▸ **Prompt**
The lines to extract run from the first line of the material below to the line containing "Jennifer Lawrence in", both included; leave the pictures behind.

+-------+

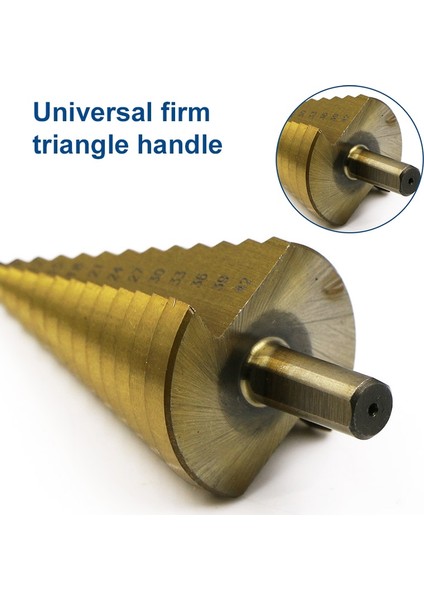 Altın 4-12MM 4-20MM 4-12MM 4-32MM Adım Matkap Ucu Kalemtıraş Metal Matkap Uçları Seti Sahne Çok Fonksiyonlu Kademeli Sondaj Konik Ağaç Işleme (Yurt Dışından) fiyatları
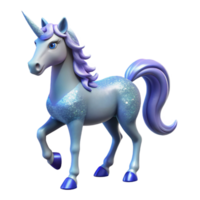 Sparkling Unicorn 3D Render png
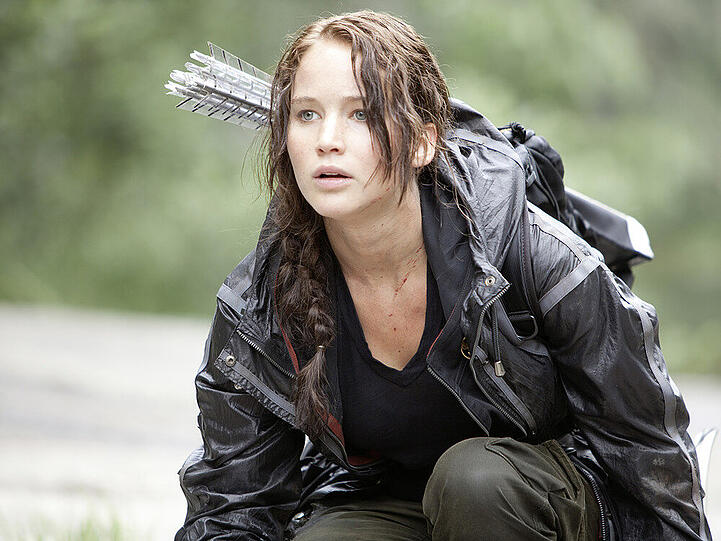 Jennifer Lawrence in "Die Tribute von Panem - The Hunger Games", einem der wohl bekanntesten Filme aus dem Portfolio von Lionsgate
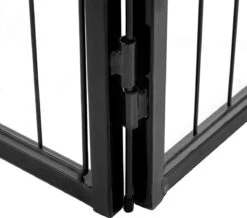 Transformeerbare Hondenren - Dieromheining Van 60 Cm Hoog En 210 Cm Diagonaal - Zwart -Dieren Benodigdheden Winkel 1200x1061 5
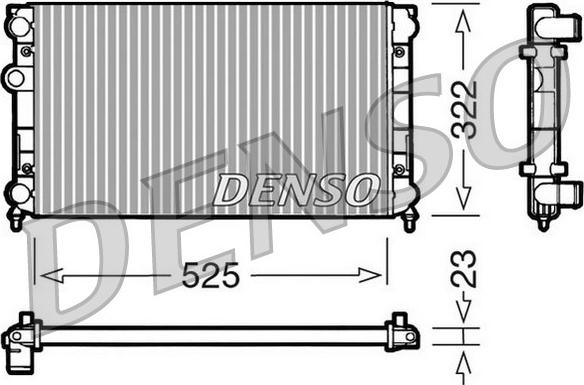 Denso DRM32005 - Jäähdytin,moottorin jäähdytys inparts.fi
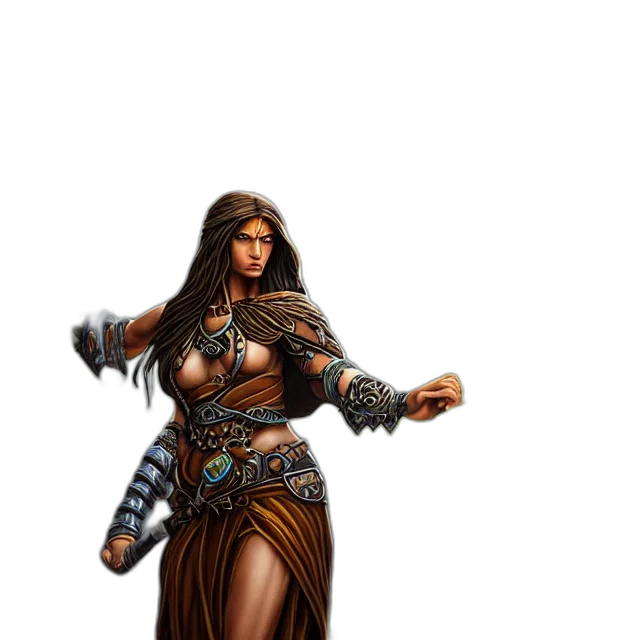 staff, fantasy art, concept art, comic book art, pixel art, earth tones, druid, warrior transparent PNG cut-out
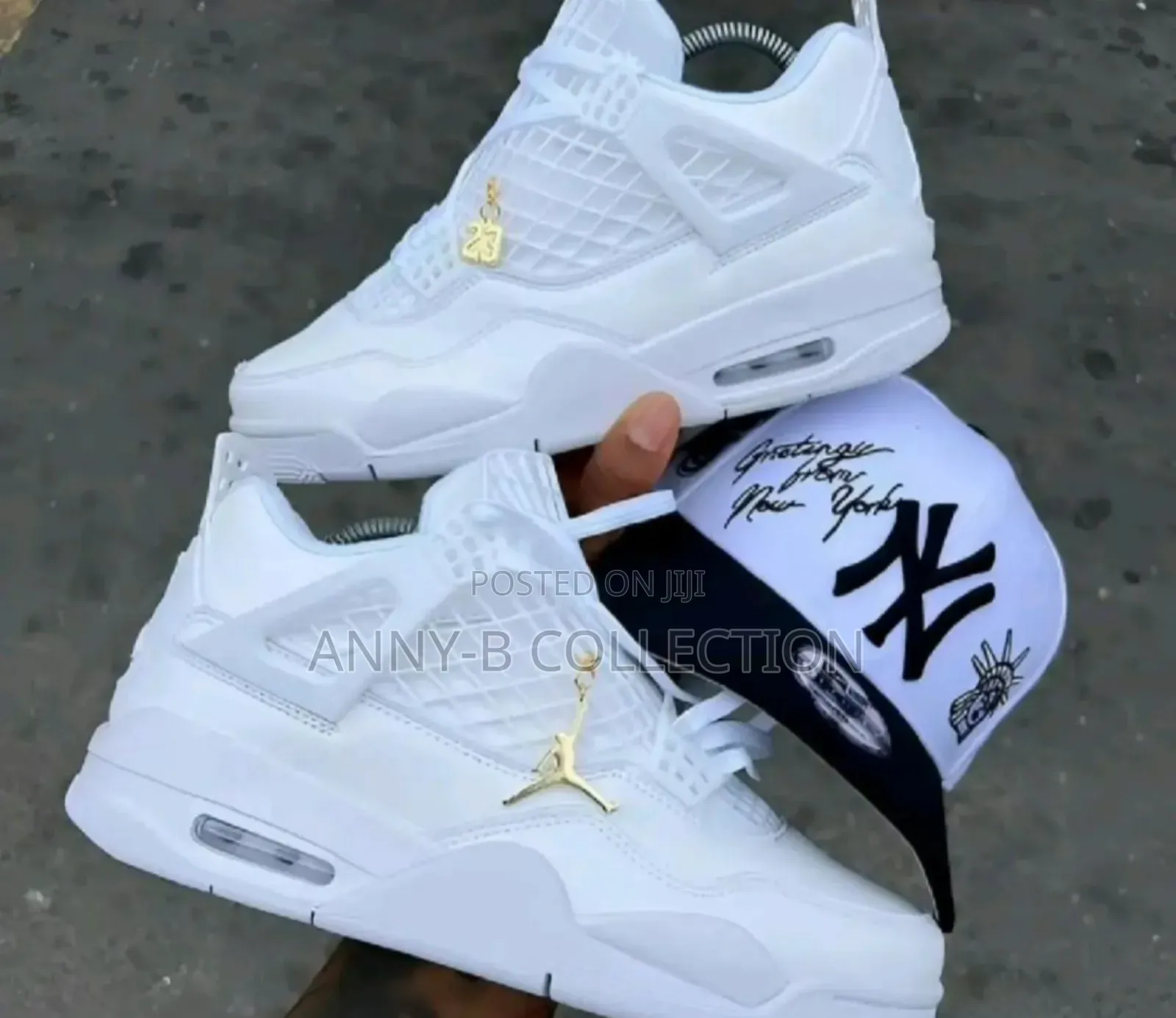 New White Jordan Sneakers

+-------+

▸ **Your response**
 Altın 4-12MM 4-20MM 4-12MM 4-32MM Adım Matkap Ucu Kalemtıraş Metal Matkap Uçları Seti Sahne Çok Fonksiyonlu Kademeli Sondaj Konik Ağaç Işleme (Yurt Dışından) fiyatları
 Sparkling Unicorn 3D Render png
 Jennifer Lawrence in "Die Tribute von Panem - The Hunger Games", einem der wohl bekanntesten Filme aus dem Portfolio von Lionsgate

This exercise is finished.